107 | P a g e such settings and is increasingly important where the effects of climate change and the projected future water needs have the potential to compromise the limited fresh groundwater reserve through saltwater intrusion, over pumping and pollution.

Geophysical, and in particular electrical and electromagnetic methods have been used extensively in characterising freshwater lens systems in Island settings, providing information that is less expensive and time consuming to acquire than direct sampling approaches. However, information provided by ground methods (direct or indirect) is often limited by site access in culturally sensitive areas, as is often the case in northern Australia. Airborne geophysics, most notably airborne electromagnetics (AEM) offers an efficient and effective alternative to employ in extending the conceptual hydrogeological framework for remote islands. It also circumvents the access issues. We describe results from an “island-scale” survey over Milingimbi and Sout Goulburn Islands in Australia’s Northern Territory,

demonstrating the spatial comprehensiveness of the hydrological data acquired and the value of the data for extending relatively sparse spatial information from existing bore fields and more recent ground geophysical surveys.

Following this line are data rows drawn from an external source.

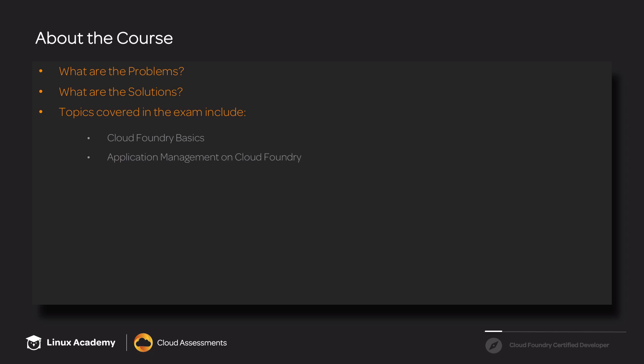In the application management on Cloud Foundry, we'll talk about how to manage your applications. This includes starting, restarting, and restaging your application, how to run tasks, as well as the container lifecycle within Cloud Foundry.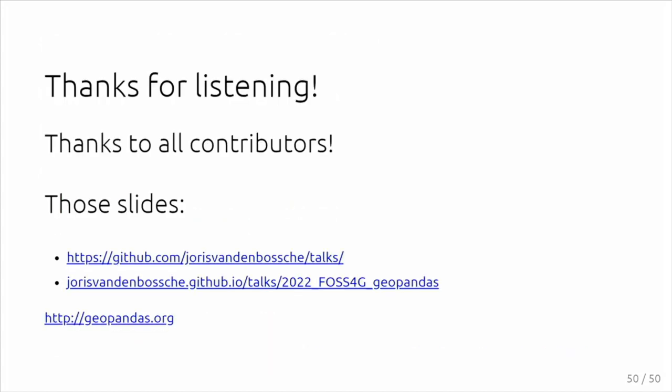I want to end with saying that a lot of what I told are not things that I did, but things from the whole community around it with many contributions from other people. So thanks a lot to those people. Thank you very much. We have a few questions.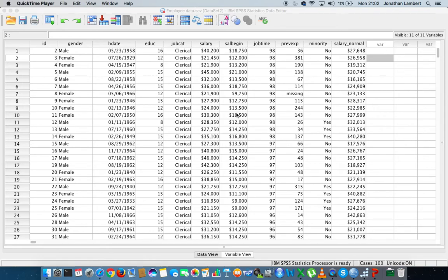Hi guys, this is Jonathan Lambert with the Mathematics Development and Support Service at the National College of Ireland. This short video is going to detail how to rank variable values within IBM SPSS Statistics.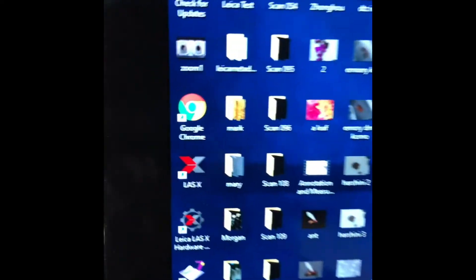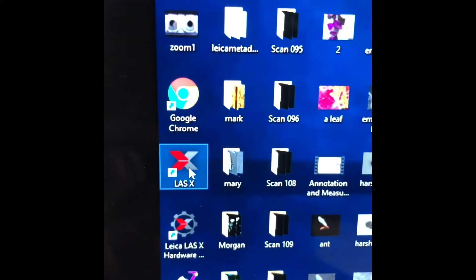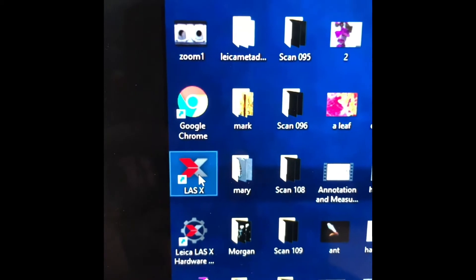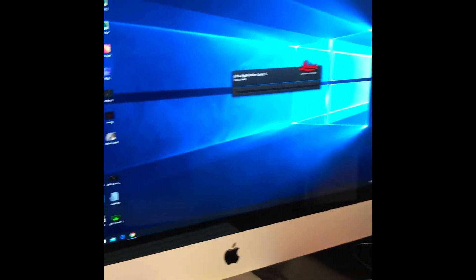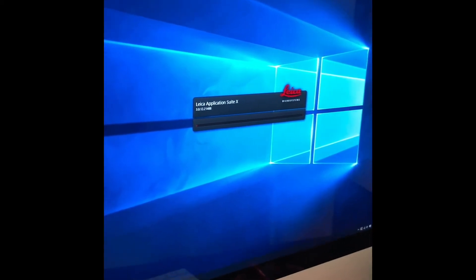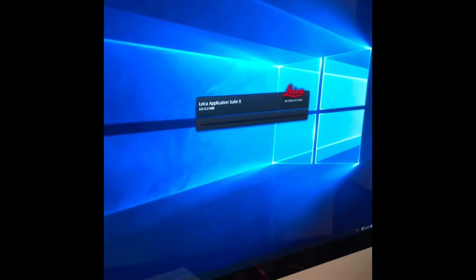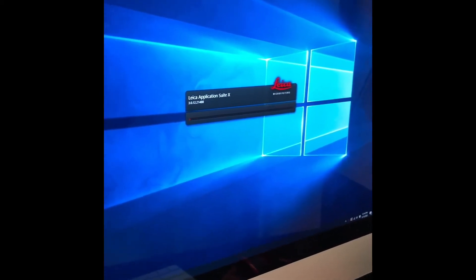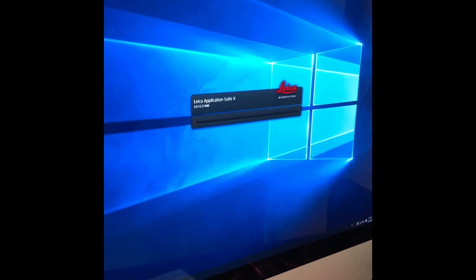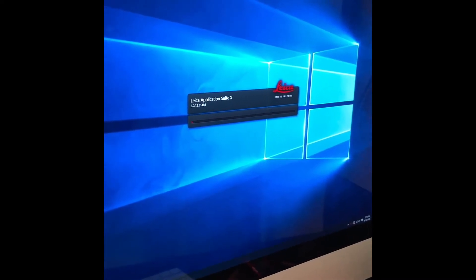Then we're going to go over and start the LASX software. It'll then start to go through its progression of opening up the software.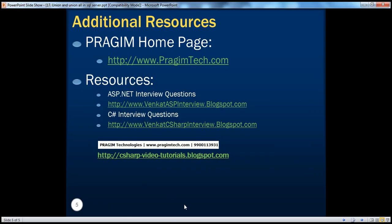On this slide, you can find resources for ASP.NET and C Sharp interview questions. That's it for today. Thank you for listening. Have a great day.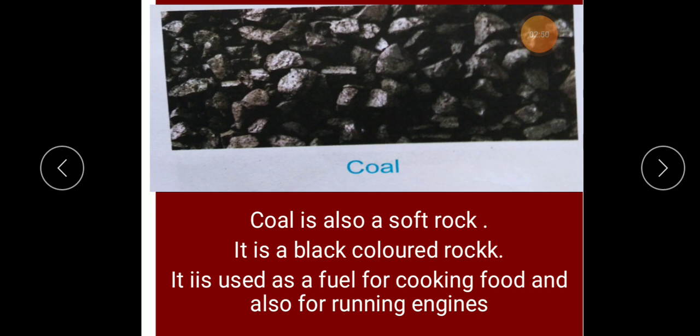And you know, all rocks are made up of minerals.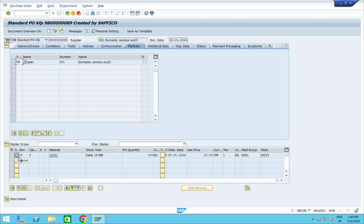This is the way to delete a PO. But if you want to create a new purchase order with that material again, you can do so. If you like this video, please like, share, and subscribe. Thank you for watching.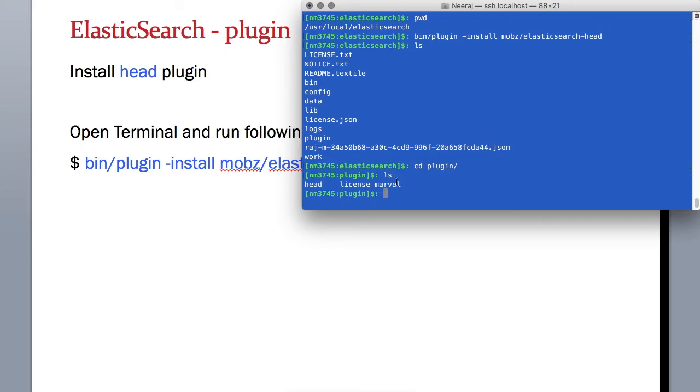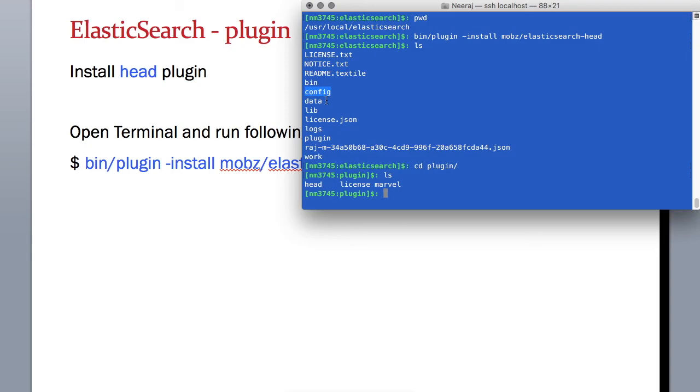Now, the reason head is installed under this directory is because in the last section we configured the Elasticsearch.yml configuration file, where we specified the location of the plugins. That's why the head plugin is installed under the plugins directory.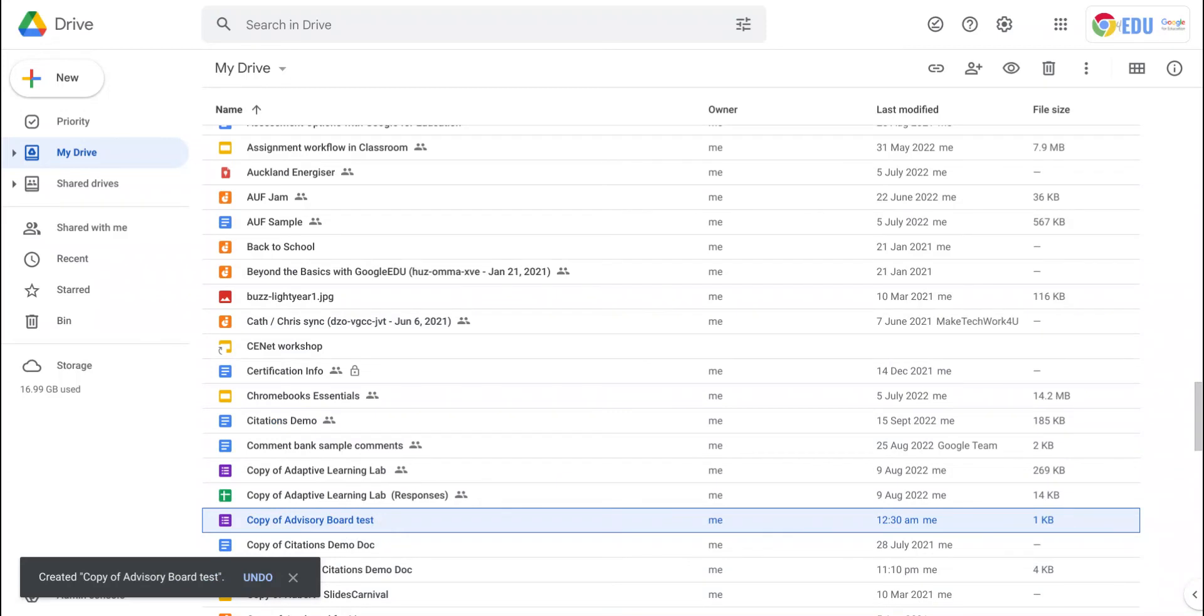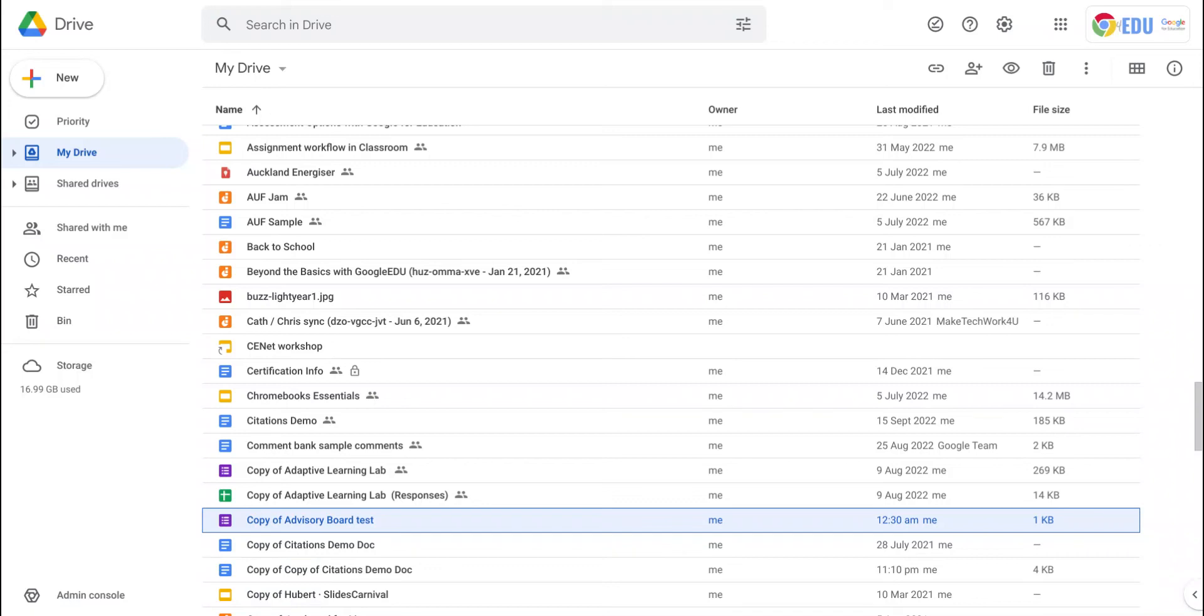You can cut and copy from one place to another. You might be wondering if there are other keyboard shortcuts you could use inside Google Drive. Yes, there are.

The helicopter EM data used, maps the extent and thickness of the fresh groundwater lens system, and defines the geometry and extent of the saltwater interface around the two islands.

The lens systems are primarily confined to the weathered "lateritic" sediments, with weathering creating realatively isotropic unconfined aquifers. When coupled with surface NMR soundings, and available hydrological information, estimates of the available freshwater resource have been defined suggesting the available resource on both Islands is greater than previously thought. The inverted airborne

geophysical data has been used to determine the chloride content of the lens systems and, in the case of Milingimbi Island, constrain the development of a calibrated steady state numerical groundwater model.

The results suggest that airborne geophysics could be used as an effective aid to further groundwater resource determination and management other remote parts of the Territory.